Buccaneering Classic - With Early Visit to California Coast
Including an Account of Alexander Selkirk - the Real Life Basis for Robinson Crusoe
A celebrated privateering expedition to the Pacific. Captain Woodes Rogers set sail from Bristol with William Dampier, who served as pilot, in 1708.
After sailing down the coast of Brazil and rounding Cape Horn he made for the deserted island of Juan Fernandez to seek shelter from a severe storm. There Rogers rescued the celebrated Alexander Selkirk, a Scot who had been marooned several years before by Captain Stadling during Dampier's earlier voyage, and who has been immortalized as the prototype for the title character in Daniel Defoe's Robinson Crusoe... The expedition then cruised the coast of Peru, taking various prizes, reached California and crossed the Pacific to Asia - Hill.

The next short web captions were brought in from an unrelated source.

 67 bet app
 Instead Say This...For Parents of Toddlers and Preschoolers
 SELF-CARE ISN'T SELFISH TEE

Rogers’s 1709 capture of the Manila galleon at Puerto Segurio was the highlight of the circumnavigation. Rogers operated under letters of marque issued during the War of Spanish Succession, allowing merchant ships to engage in privateering against French and Spanish trade in the South Seas. His ties to piracy continued after his return to England when he was commissioned to suppress pirates in the Bahamas. Appointed Captain General and Governor by George I, he persuaded most to surrender under the King's pardon, but faced resistance from notorious figures such as Edward Teach, Charles Vane and Blackbeard, who fought to reclaim their former stronghold.
The map of the World by Herman Moll shows the track of the Duke and Dutchess.

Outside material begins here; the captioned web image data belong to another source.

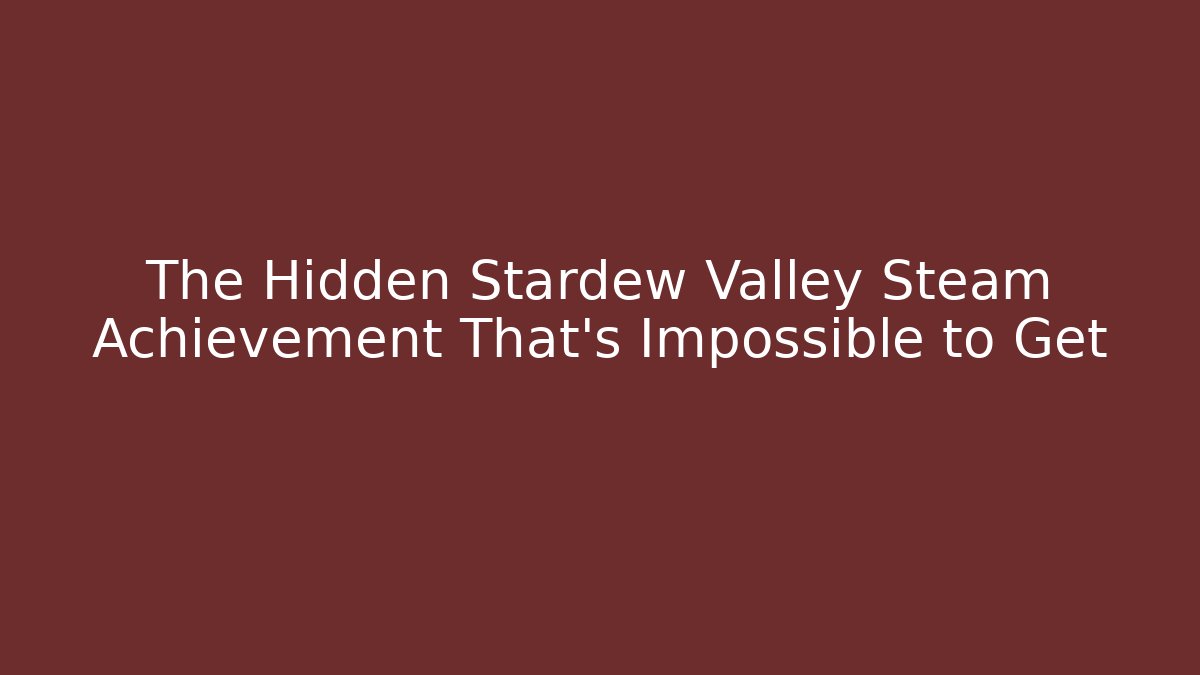 The Hidden Stardew Valley Steam Achievement That's Impossible to Get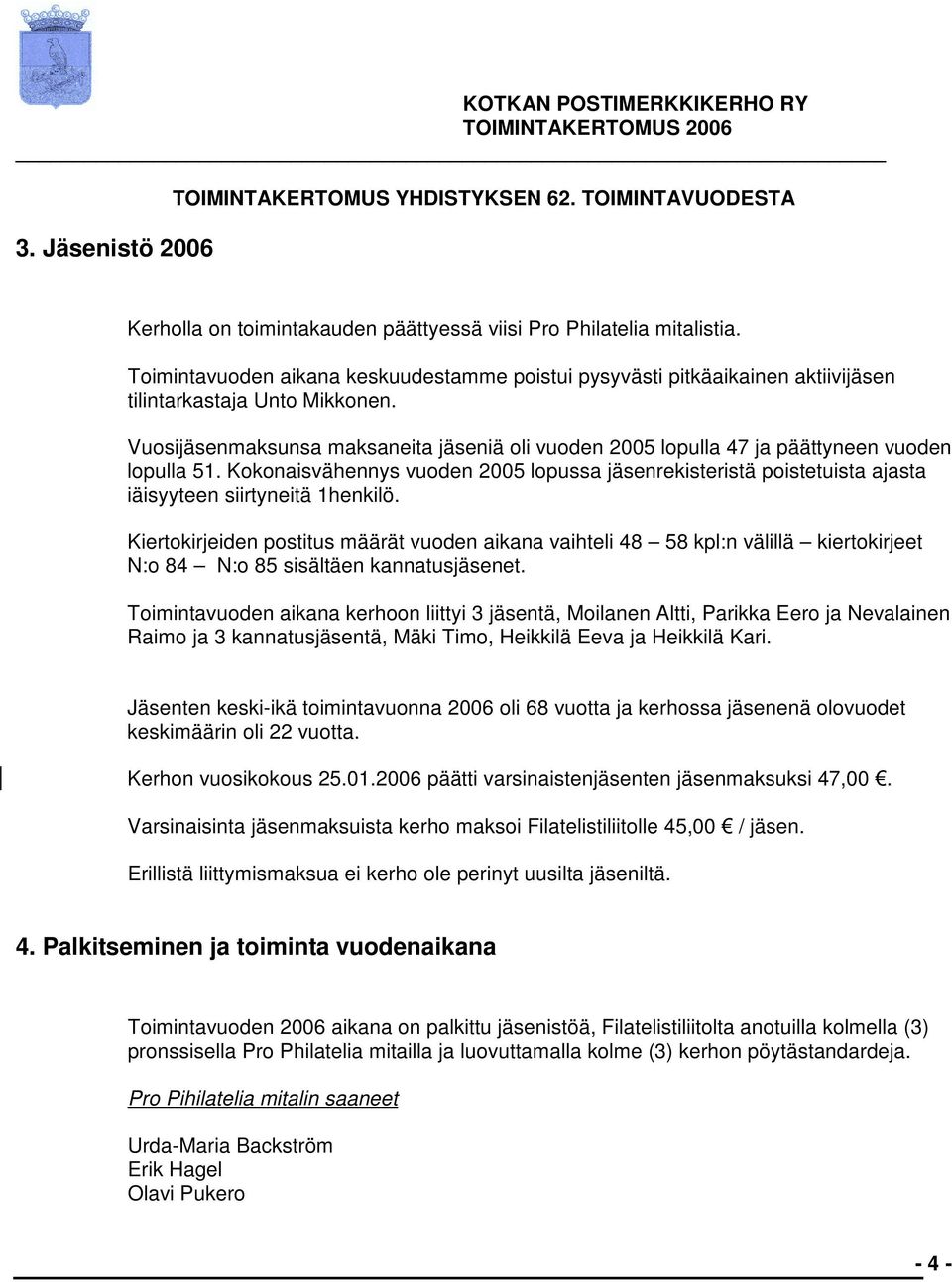 Vuosijäsenmaksunsa maksaneita jäseniä oli vuoden 2005 lopulla 47 ja päättyneen vuoden lopulla 51.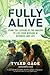 Fully Alive by Tyler Gage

- A Map of the World with the Ships Duke & Dutchess's Tract Round it from 1708 to 1711.
The four other maps, by John Senex, form a continuous chart of the Pacific coast from Acapulco to Ancon (just south of the Island of Chiloé).
States
Pagination conforms to the 1718 second edition. The 1712 first edition titlepage here in facsimile on old paper.
Provenance
Engraved armorial bookplate of Mathew Fortesque, of Stephenstown.
Herman Moll (c. 1654-1732) was one of the most important London mapmakers in the first half of the eighteenth century. Moll was probably born in Bremen, Germany, around 1654. He moved to London to escape the Scanian Wars. His earliest work was as an engraver for Moses Pitt on the production of the English Atlas, a failed work which landed Pitt in debtor's prison. Moll also engraved for Sir Jonas Moore, Grenville Collins, John Adair, and the Seller & Price firm. He published his first original maps in the early 1680s and had set up his own shop by the 1690s.
Moll's work quickly helped him become a member of a group which congregated at Jonathan's Coffee House at Number 20 Exchange Alley, Cornhill, where speculators met to trade stock. Moll's circle included the scientist Robert Hooke, the archaeologist William Stuckley, the authors Jonathan Swift and Daniel Defoe, and the intellectually-gifted pirates William Dampier, Woodes Rogers and William Hacke. From these contacts, Moll gained a great deal of privileged information that was included in his maps.
Over the course of his career, he published dozens of geographies, atlases, and histories, not to mention numerous sheet maps. His most famous works are Atlas Geographus, a monthly magazine that ran from 1708 to 1717, and The World Described (1715-54). He also frequently made maps for books, including those of Dampier’s publications and Swift’s Gulliver’s Travels. Moll died in 1732. It is likely that his plates passed to another contemporary, Thomas Bowles, after this death.
John Senex (1678-1740) was one of the foremost mapmakers in England in the early eighteenth century. He was also a surveyor, globemaker, and geographer. As a young man, he was apprenticed to Robert Clavell, a bookseller. He worked with several mapmakers over the course of his career, including Jeremiah Seller and Charles Price. In 1728, Senex was elected as a Fellow of the Royal Society, a rarity for mapmakers. The Fellowship reflects his career-long association as engraver to the Society and publisher of maps by Edmund Halley, among other luminaries. He is best known for his English Atlas (1714), which remained in print until the 1760s. After his death in 1740 his widow, Mary, carried on the business until 1755. Thereafter, his stock was acquired by William Herbert and Robert Sayer (maps) and James Ferguson (globes).